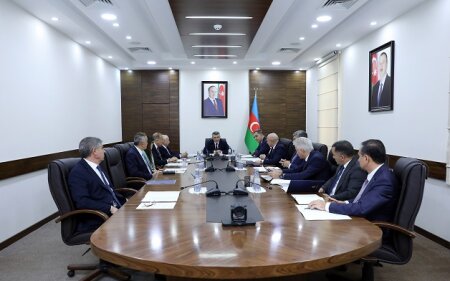 Məhkəmə-Hüquq Şurası 39 hakimliyə namizədlə bağlı qərar qəbul etdi - FOTO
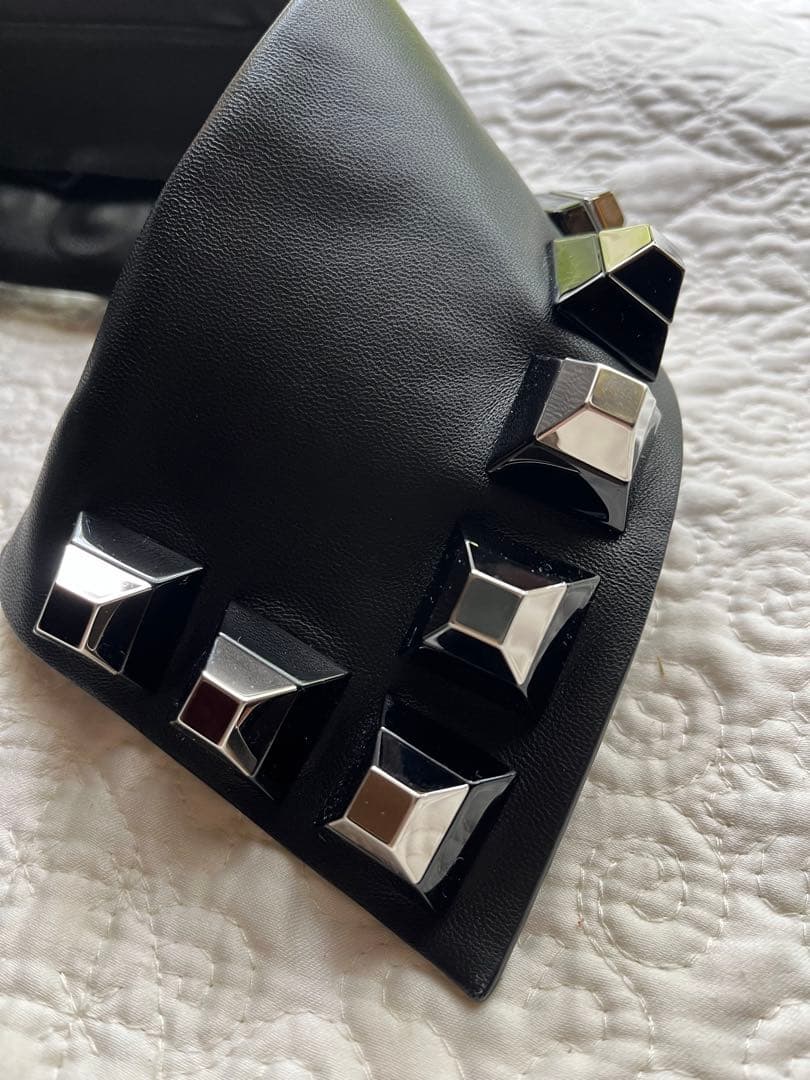 新品未着用タグ付き　FENDIフェンディ2WAYケープコート　ブラック　マント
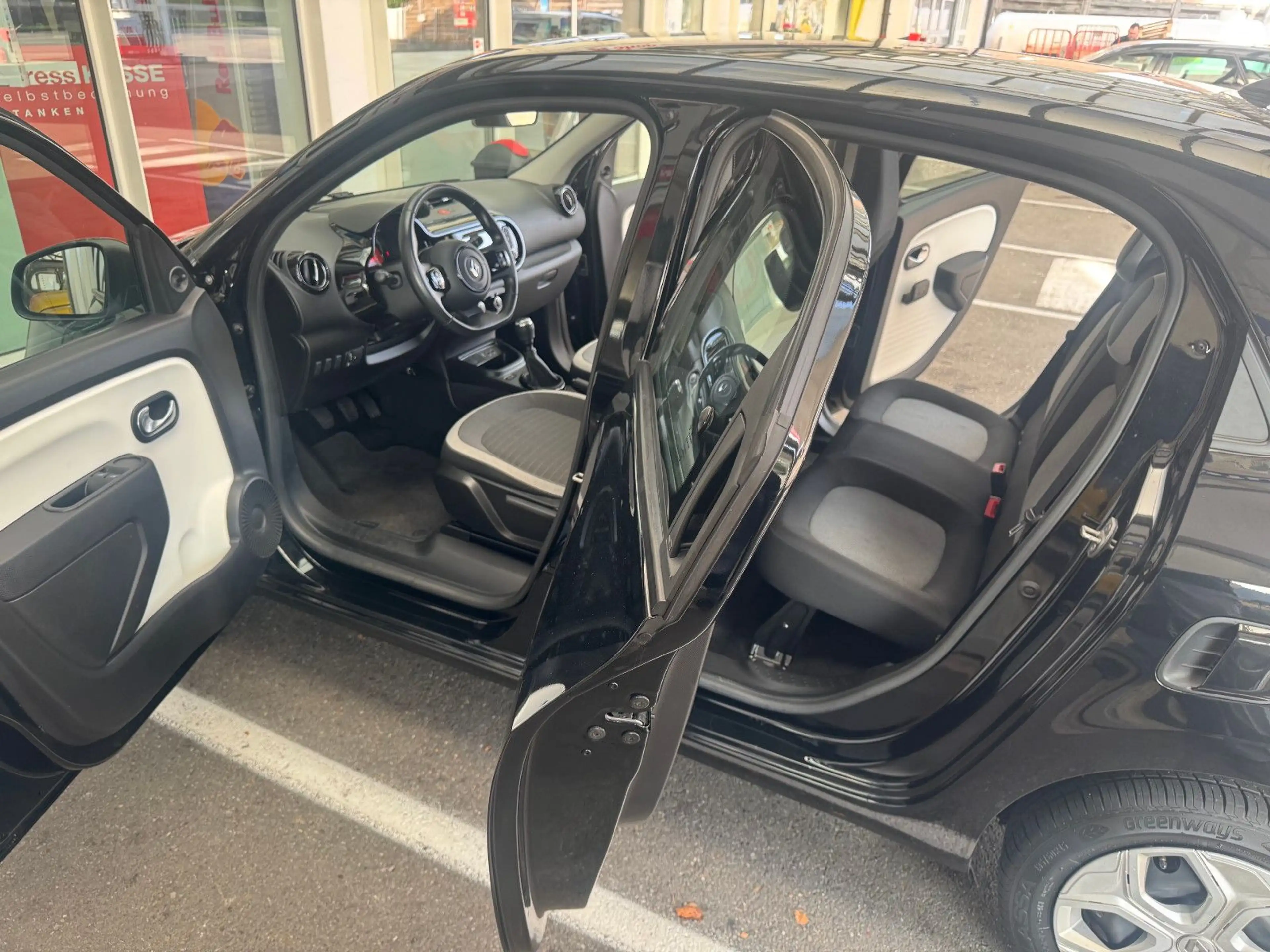 Renault Twingo 1,0 SCe Limited Klima Navivob.+ M+S Räder — photo 6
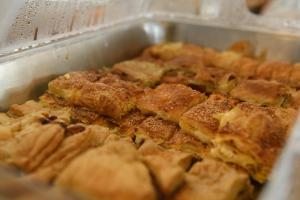 a baking pan filled with a bunch of food at Hotel Epavlis in Káto Poróïa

● **WORK TO COMPLETE**: Give the listing again, exactly as it appears, but without its images.

● **REPLY TO THE TASK**:
 Məhkəmə-Hüquq Şurası 39 hakimliyə namizədlə bağlı qərar qəbul etdi - FOTO
 新品未着用タグ付き　FENDIフェンディ2WAYケープコート　ブラック　マント
 Renault Twingo 1,0 SCe Limited Klima Navivob.+ M+S Räder — photo 6
 a baking pan filled with a bunch of food at Hotel Epavlis in Káto Poróïa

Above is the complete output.